Access Peak is an 1865 metre mountain in Fiordland, New Zealand.

==Description==
Access Peak is part of the Wick Mountains and is situated 4.8 km west of the Homer Tunnel in the Southland Region of the South Island. It is set within Fiordland National Park which is part of the Te Wahipounamu UNESCO World Heritage Site. Precipitation runoff from the mountain's north slope drains into the West Branch of the Cleddau River, whereas the south slope drains into the Talbot River, with all of it ultimately emptying into Milford Sound. Topographic relief is significant as the summit rises 1565 m above the West Branch Cleddau in a little more than one kilometre. The nearest higher neighbour is Mount Ada, 2.63 kilometres to the west-northwest.

==History==
The first ascent of the summit was made on 26 February 1955 by Gerry Hall-Jones, Lloyd Warburton, Duncan B. Wilson, and Bill Gordon via the Southeast Ridge.

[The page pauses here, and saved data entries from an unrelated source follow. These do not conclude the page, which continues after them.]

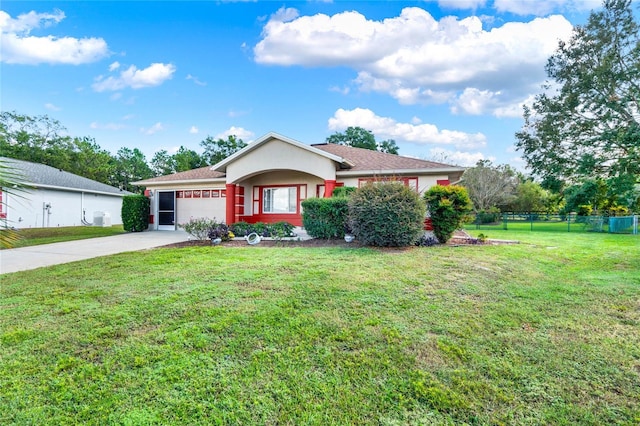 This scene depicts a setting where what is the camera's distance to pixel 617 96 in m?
20.1

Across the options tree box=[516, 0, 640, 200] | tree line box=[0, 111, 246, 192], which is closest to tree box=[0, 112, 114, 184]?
tree line box=[0, 111, 246, 192]

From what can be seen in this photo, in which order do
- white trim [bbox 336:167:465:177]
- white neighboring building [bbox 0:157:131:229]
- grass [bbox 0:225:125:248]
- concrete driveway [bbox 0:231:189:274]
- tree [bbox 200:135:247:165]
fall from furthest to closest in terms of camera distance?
1. tree [bbox 200:135:247:165]
2. white neighboring building [bbox 0:157:131:229]
3. white trim [bbox 336:167:465:177]
4. grass [bbox 0:225:125:248]
5. concrete driveway [bbox 0:231:189:274]

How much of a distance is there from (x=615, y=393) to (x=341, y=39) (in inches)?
511

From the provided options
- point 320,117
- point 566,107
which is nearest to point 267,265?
point 320,117

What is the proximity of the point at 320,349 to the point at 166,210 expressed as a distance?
17.7 meters

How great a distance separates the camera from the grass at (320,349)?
2.38m

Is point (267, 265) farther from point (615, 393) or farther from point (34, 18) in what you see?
point (34, 18)

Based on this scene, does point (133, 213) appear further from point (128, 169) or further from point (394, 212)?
point (128, 169)

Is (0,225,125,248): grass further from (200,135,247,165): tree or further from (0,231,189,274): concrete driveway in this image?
(200,135,247,165): tree

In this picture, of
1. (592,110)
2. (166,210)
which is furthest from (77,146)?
(592,110)

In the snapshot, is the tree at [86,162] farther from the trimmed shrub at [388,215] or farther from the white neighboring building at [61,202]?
the trimmed shrub at [388,215]

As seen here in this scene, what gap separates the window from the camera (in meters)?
16.8

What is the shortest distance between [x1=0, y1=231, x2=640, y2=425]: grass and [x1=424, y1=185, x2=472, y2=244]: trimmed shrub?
4254mm

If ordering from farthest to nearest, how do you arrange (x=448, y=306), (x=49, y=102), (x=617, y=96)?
1. (x=617, y=96)
2. (x=49, y=102)
3. (x=448, y=306) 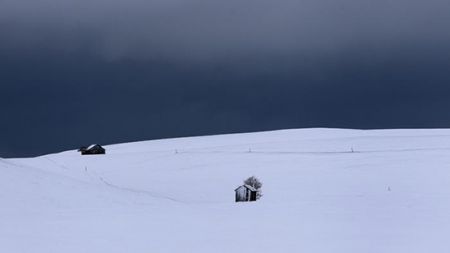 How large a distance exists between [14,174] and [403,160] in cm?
2383

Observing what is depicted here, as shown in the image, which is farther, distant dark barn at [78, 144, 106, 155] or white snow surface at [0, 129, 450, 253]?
distant dark barn at [78, 144, 106, 155]

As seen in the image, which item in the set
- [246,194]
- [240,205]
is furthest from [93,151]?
[240,205]

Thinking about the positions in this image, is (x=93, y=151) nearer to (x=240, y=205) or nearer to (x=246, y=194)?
(x=246, y=194)

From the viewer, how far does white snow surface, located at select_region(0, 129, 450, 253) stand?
17.1m

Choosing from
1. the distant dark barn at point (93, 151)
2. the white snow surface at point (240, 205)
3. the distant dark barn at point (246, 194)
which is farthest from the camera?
the distant dark barn at point (93, 151)

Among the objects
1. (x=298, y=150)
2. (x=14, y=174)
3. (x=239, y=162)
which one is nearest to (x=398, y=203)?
(x=14, y=174)

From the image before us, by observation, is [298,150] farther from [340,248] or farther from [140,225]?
[340,248]

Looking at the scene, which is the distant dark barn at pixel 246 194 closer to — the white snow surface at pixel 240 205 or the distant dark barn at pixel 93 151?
the white snow surface at pixel 240 205

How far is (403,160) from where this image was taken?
4531cm

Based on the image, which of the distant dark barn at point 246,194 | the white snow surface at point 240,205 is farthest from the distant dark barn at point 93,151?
the distant dark barn at point 246,194

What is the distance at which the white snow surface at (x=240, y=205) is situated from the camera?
17078mm

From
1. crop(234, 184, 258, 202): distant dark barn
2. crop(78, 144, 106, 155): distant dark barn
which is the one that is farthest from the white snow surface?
crop(78, 144, 106, 155): distant dark barn

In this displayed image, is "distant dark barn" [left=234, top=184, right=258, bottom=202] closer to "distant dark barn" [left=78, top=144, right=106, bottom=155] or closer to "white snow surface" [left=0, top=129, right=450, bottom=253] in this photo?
Result: "white snow surface" [left=0, top=129, right=450, bottom=253]

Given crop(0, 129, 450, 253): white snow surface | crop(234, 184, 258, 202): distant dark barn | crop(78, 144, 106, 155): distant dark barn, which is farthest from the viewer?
crop(78, 144, 106, 155): distant dark barn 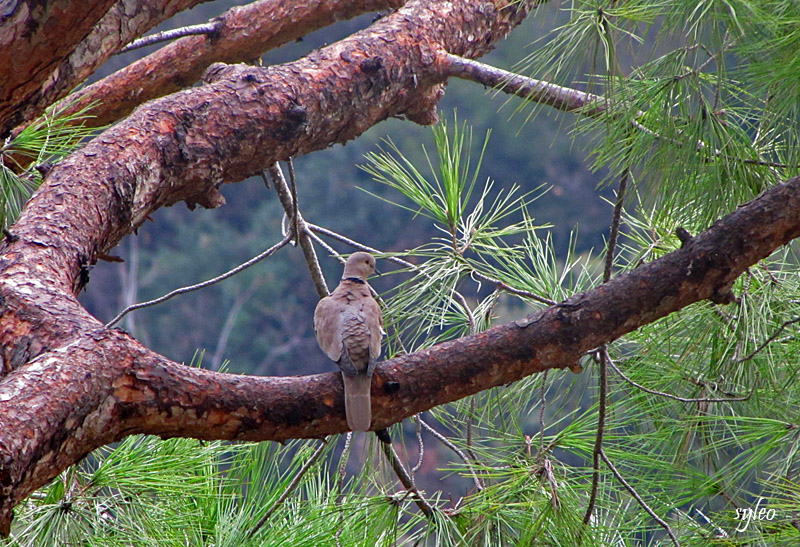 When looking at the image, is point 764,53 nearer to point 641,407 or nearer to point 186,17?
point 641,407

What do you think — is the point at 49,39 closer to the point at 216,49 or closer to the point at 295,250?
the point at 216,49

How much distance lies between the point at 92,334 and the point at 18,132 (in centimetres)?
92

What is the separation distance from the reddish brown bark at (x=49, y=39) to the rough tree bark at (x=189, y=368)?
189mm

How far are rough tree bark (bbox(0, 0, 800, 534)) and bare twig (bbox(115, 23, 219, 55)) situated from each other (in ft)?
0.55

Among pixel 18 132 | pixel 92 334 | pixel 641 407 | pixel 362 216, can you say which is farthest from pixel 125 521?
pixel 362 216

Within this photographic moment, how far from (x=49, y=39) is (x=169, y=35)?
95 centimetres

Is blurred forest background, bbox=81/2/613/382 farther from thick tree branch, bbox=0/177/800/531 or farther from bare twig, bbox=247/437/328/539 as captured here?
thick tree branch, bbox=0/177/800/531

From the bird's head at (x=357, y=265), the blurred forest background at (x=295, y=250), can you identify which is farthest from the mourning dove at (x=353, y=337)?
the blurred forest background at (x=295, y=250)

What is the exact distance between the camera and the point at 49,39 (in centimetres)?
110

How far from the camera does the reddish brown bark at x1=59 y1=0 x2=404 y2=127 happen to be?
2328 mm

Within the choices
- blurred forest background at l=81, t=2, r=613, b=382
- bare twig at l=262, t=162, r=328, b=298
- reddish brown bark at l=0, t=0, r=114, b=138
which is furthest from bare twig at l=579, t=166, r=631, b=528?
blurred forest background at l=81, t=2, r=613, b=382

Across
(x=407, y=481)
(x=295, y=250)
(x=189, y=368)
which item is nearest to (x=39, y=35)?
(x=189, y=368)

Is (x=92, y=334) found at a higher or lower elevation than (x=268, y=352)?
higher

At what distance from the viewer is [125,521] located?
1.58 meters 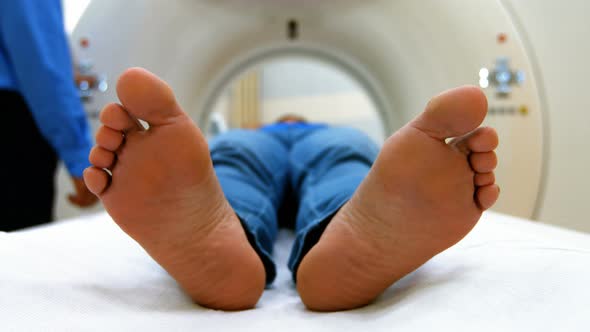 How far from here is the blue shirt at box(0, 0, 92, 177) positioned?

The mountain's toponym was applied in 1955 by this first ascent party because a route over the summit of this peak seemed to provide a practical route to several difficult-to-access unclimbed peaks beyond it, hence this suggested the name "Access". The toponym has been officially approved by the New Zealand Geographic Board.

==Climbing==
Climbing routes with the first ascents:

- Original Route – Gerry Hall-Jones, Bill Gordon, Lloyd Warburton, Duncan Wilson – (1955)
- West Ridge – Hugh van Noorden – (1985)

==Climate==
Based on the Köppen climate classification, Access Peak is located in a marine west coast climate zone. Prevailing westerly winds blow moist air from the Tasman Sea onto the mountain, where the air is forced upward by the mountains (orographic lift), causing moisture to drop in the form of rain and snow. The months of December through February offer the most favourable weather for viewing or climbing this peak.